… y llegó el diablo

2004

 

Hemos recibido, como no podía ser menos, el voto terrorista. Hay seres -¿merecen tal nombre?-   elaboradores de doctrinas destructivas y aniquiladoras, inventores de sociedades regidas por psicópatas totalitarios y racistas,  creadores de infiernos, vengadores inmisericordes, que no pueden permitir al pueblo, sea o no español, expresar sus preferencias   sobre los gobernantes que  cree más hábiles y honestos para lograr una política beneficiosa para todos y que, ciertamente, no serían nunca ellos. Y entonces hacen lo único que saben: hablar con las bombas, con la destrucción  cobarde, con el crimen horrible, técnica y hábilmente planificado  para agredir  al mayor número posible de víctimas, que vuelan despedazadas, sin riesgo para el autor o autores. Todo a  mayor gloria de sus proyectos  y de su monstruoso disfrute, tal vez celebrado con champán en ocultas  y disimuladas guaridas.

Ya sabemos, si no estaba claro, el paraíso que nos ofrecen, apoyados en los fuertes pilares del totalitarismo, religión  y nacionalismo fanáticos,  personales  diferencias  o peculiaridades más o menos distintivas, todas ellas férreamente trabadas con  el argumento incuestionable, indiscutible y “racional” de la muerte.
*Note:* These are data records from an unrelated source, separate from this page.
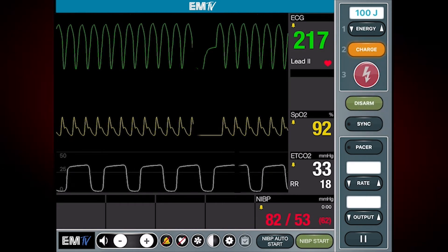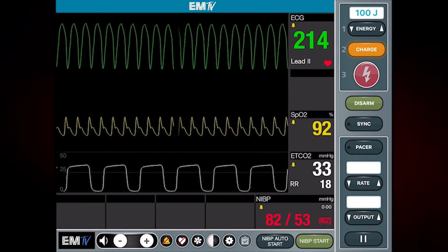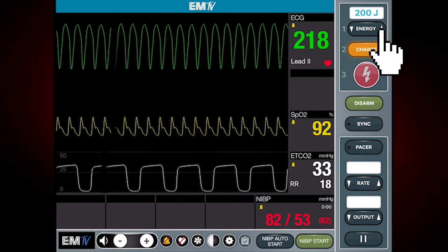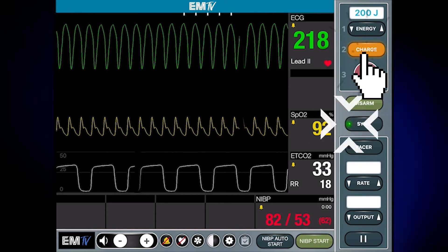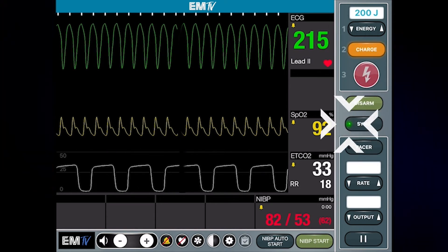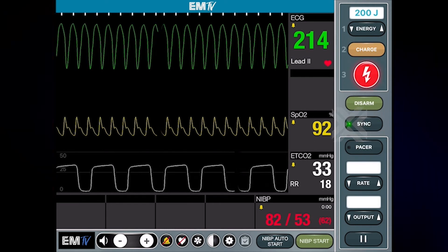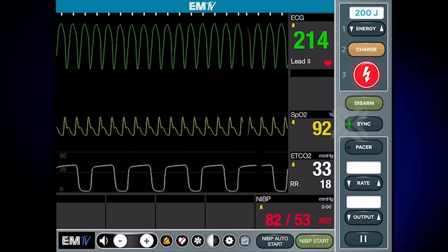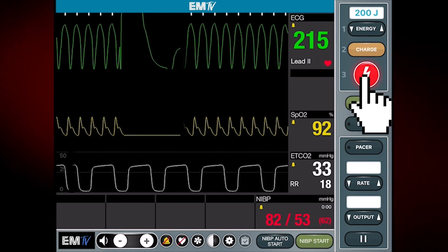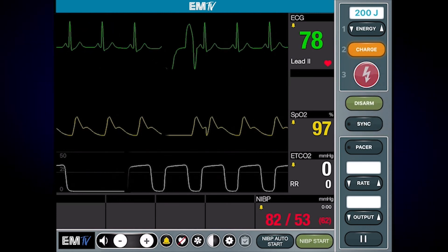As the initial shock was ineffective, I will prepare to administer another using a higher energy setting. At this point, it's a good idea to assess your patient's condition. Make sure all team members are clear before you deliver the shock. Reassess the patient and all vital signs.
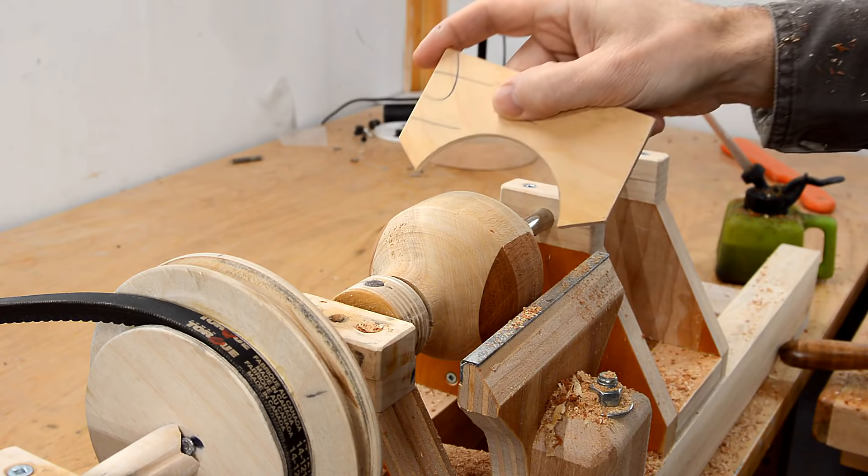I made this little guide for the radius that I want to turn to, so this needs to get down a little bit more.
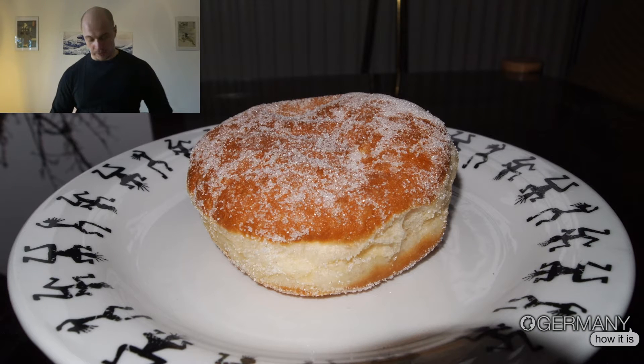You can see on the photo how it looks, and here it is for real, guys. Inside, they can be empty, or sometimes they fill it with marmalade, jam, chocolate, or vanilla cream.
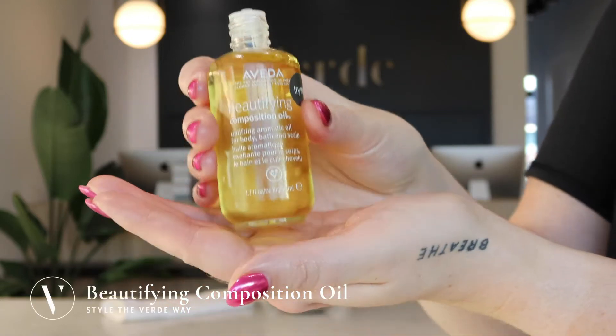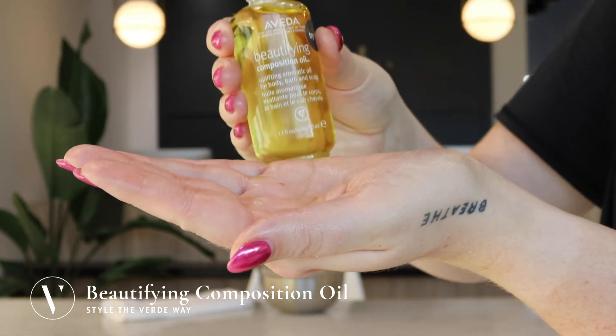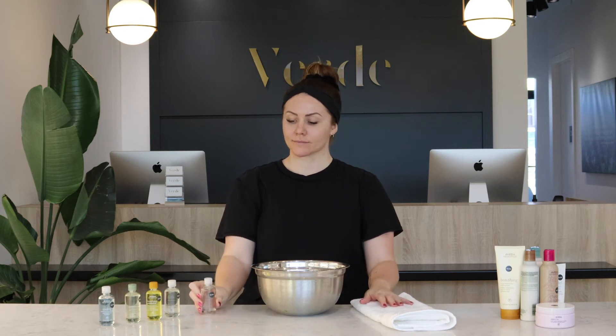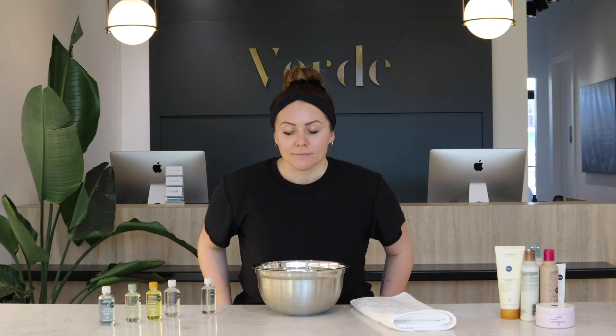Today I'm going to show you how to use the beautifying composition oil. You can use Aveda composition oils by adding a few drops to your bath, by massaging into your skin, or as a scalp treatment by massaging into your scalp before you shampoo.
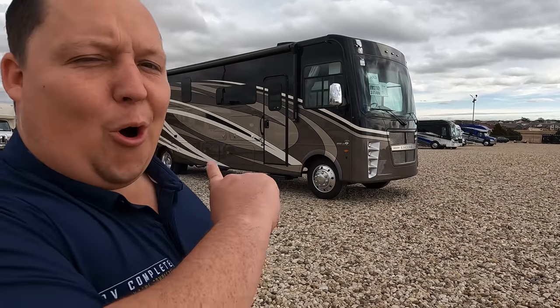Hey everyone, I'm Matt. Welcome back to another video. Today I am super excited. We are taking a look at one of the best Class A gas bunk motorhomes. This one's even special because they put a BOW on it — and what that stands for is a bunk bed, office, wardrobe.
Creo que ninguna persona normal  puede explicarse cómo criaturas, que nos parecen semejantes – yo me niego a admitir que lo sean-  con las que tal vez nos cruzamos  y nos ceden, amables, la acera,  o ayudan a la anciana  en el autobús, pueden tener en su cerebro ideas e intenciones tan terribles  e irracionales y, además, la capacidad siniestra de ejecutarlas. Y no se trata, por desgracia, de un caso particular e imaginario, como el del Doctor Jekyll y  Mister Hyde La maldad o el extraño fenómeno que ocurre,  es real, efectivo, como lo estamos comprobando, con dolor,  casi continuamente. No hay país que escape a esta plaga. Desde el 11-S  y, ahora, desde este 11-M (va a resultar fatídico el número),  Occidente ha empezado a temblar ante esta persecución a su tipo de civilización.

Es cierto que la sociedad, en nuestro mundo, nunca ha sido ejemplar. Las guerras han existido siempre en todo lugar, y los malvados, y los locos, y los asesinos. No hace mucho que dejamos atrás el Siglo XX, con sus  odiosos conflictos y conflagraciones.  Por eso es hora de corregir conductas o destruir simientes que pueden provocar  enfrentamientos, como  único modo, quizá,  de impedir estos hechos- Y ello sin perjuicio de organizar una defensa válida. Y a este objetivo debemos sumarnos todos, en  proporción a nuestras capacidades; especialmente en algo que me parece esencial y que ha sido descuidado, o promocionado en algunos casos, por un mal entendido concepto de  modernidad,   hasta casi su desaparición: una educación basada en la verdad,  en la  moral, en la igualdad, en la  fraternidad,  en el respeto, en la autoridad  correcta, en el fortalecimiento de la capacidad de renuncias y sacrificios, muchas veces necesarios, en  convencer a  nuestros jóvenes que a todo derecho nuestro, generalmente,  corresponde, también,  obligaciones; en la defensa, en suma, de la vida, algo tan  hermoso, emocionante y frágil, que no podemos permitir  dependa de las locuras de nadie, sea el que fuere.

Una de las pancartas que más me ha sobrecogido en la reciente y extraordinaria manifestación  en Madrid, a raíz del vil atentado de Atocha, fue una   en letras rojas,  escritas con un simple rotulador: NO MATARÁS y, debajo,  como firma, “Dios”…  Un precepto olvidado con excesiva frecuencia, en beneficio de los diabólicos propagadores del odio y, en consecuencia,  de la muerte.